Applying to College 101: Campus Visits
A successful college career not only depends upon your academic abilities, but on whether or not your school is a good “fit” for you The only way to truly address fit is by visiting campus.
Ideally, campus visits happen in the spring or fall before you apply for admissions, but this step in the admissions process can be cumbersome due to a number of factors, including travel, associated costs, and scheduling. If your campus visit options are limited, here are a few things to keep in mind in order to maximize your trip.
1. Check out Official Campus Visit Days. If possible, try to coordinate your trip with designated campus visit days organized by the Admissions Office.
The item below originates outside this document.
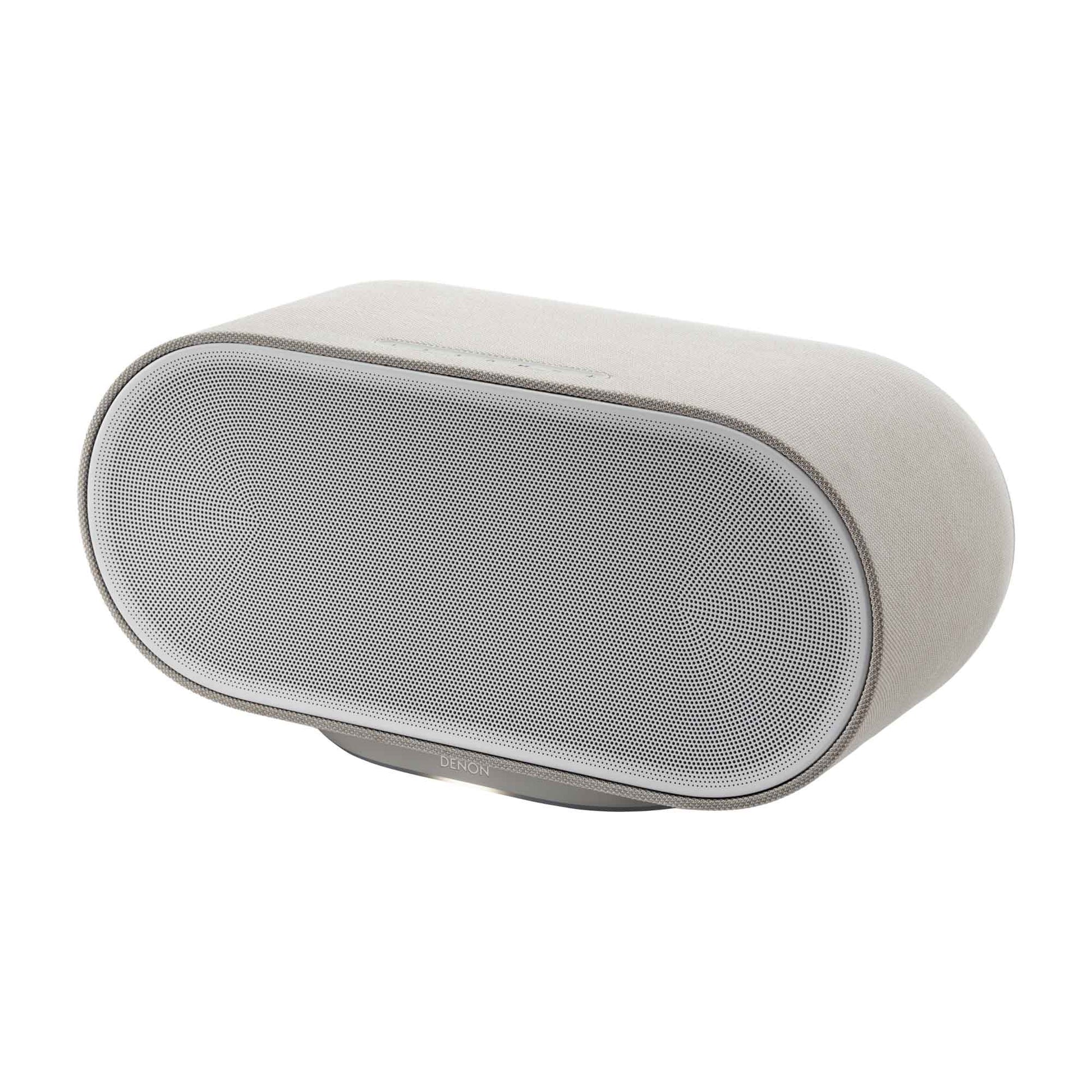 Front angle view of Denon Home 600 Wireless Speaker in white on white background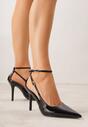 Czarne Sandały Lakierowane na Szpilce z Ozdobnymi Paskami  Murilea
Doing so will save you a lot of leg work in the planning process, and can often include appointments or access to exclusive prospective student events. Don’t forget to register for such visits or schools may not be able to accommodate you.
2. Notify the Admissions Office. They can assist you in planning your visit, including setting up meetings with the financial aid office or faculty, arrange for you to sit in on a class, and even let you do your admissions interview (if required) on site.
3. Go to an event. Whether it’s a basketball game, a student organization meeting, or performing arts show, try and find an activity that piques your interest. Doing so will give you an idea of what student life is like on campus and what you might find yourself doing if you were a student there.
4. Take an official tour. Virtually all colleges offer a campus tour led by a student that will get you access to places you won’t have on your own, like residence halls, labs, athletic facilities, health centers, etc. Plus, you’ll get the opportunity to talk to a current student about their experience.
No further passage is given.